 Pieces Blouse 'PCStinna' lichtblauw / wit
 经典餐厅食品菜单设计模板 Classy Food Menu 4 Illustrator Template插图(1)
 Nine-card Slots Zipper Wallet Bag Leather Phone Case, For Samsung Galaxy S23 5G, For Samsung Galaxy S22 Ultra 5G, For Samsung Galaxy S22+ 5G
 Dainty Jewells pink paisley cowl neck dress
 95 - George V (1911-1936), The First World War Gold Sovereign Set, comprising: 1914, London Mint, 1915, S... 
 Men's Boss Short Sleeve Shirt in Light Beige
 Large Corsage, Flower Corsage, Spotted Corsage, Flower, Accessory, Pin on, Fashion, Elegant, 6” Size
------
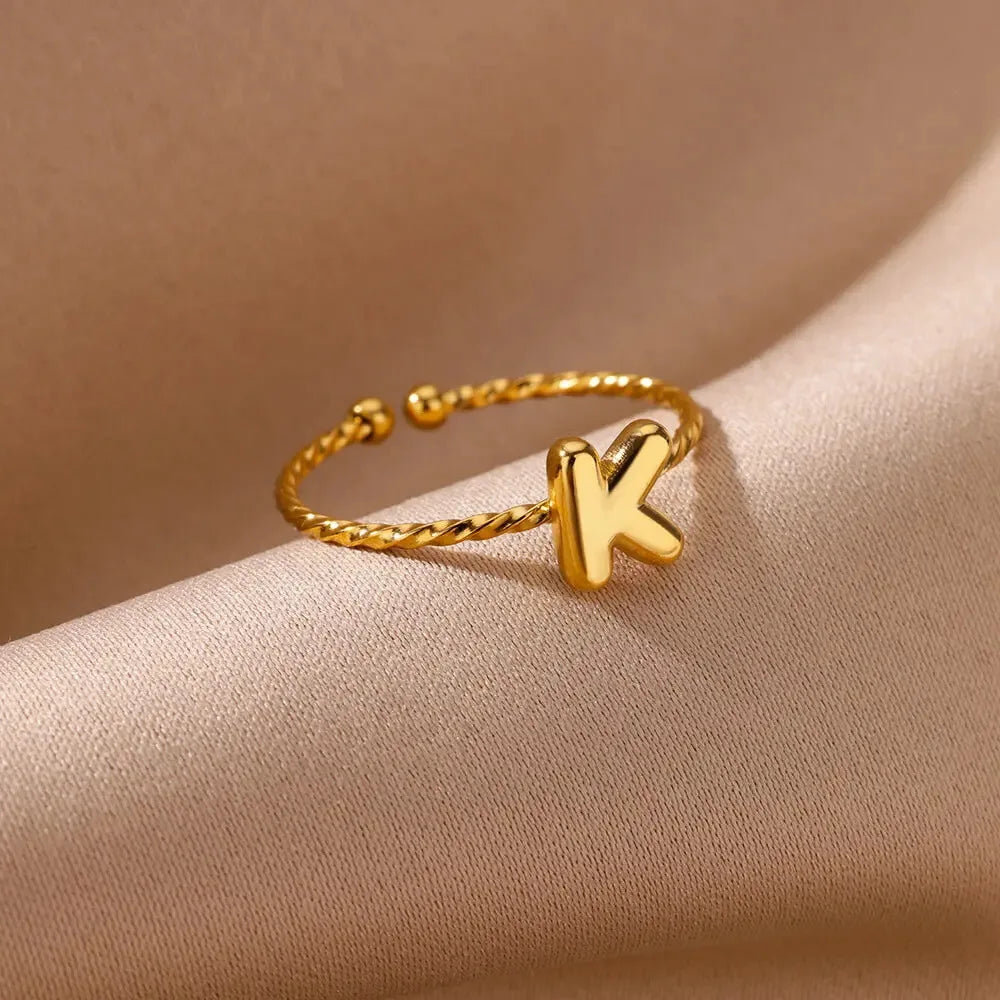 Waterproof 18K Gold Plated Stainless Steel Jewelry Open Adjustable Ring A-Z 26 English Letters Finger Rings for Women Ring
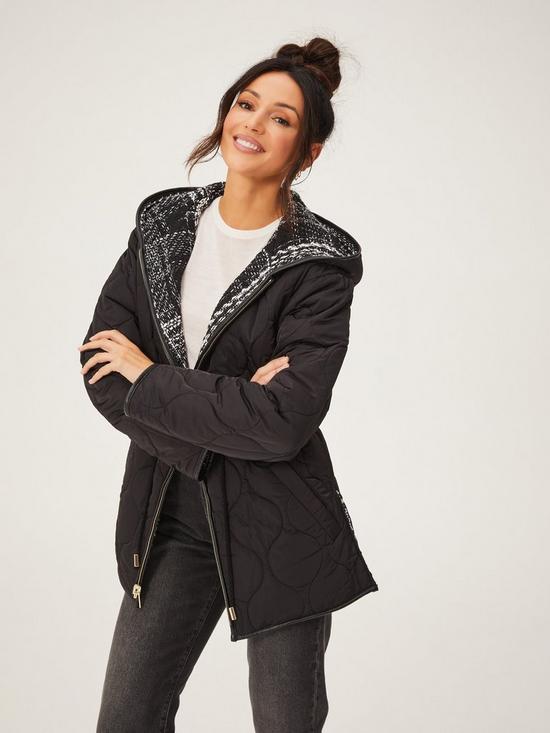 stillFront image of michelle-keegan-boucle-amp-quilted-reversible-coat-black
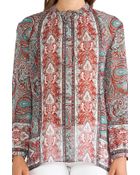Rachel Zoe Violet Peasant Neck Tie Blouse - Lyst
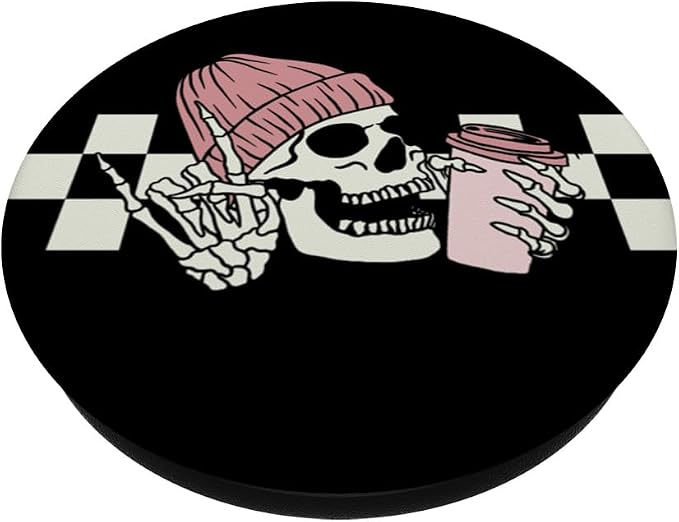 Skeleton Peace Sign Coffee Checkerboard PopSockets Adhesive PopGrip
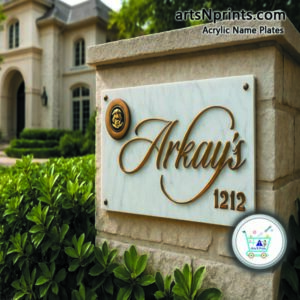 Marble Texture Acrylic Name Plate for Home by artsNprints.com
------
Task to carry out:
Write out exactly the lines that fall from the line with "Nine-card Slots Zipper" to the line with "Dainty Jewells pink paisley cowl neck dress" in the records above, keeping both ends.

Solution for this exercise:
 Nine-card Slots Zipper Wallet Bag Leather Phone Case, For Samsung Galaxy S23 5G, For Samsung Galaxy S22 Ultra 5G, For Samsung Galaxy S22+ 5G
 Dainty Jewells pink paisley cowl neck dress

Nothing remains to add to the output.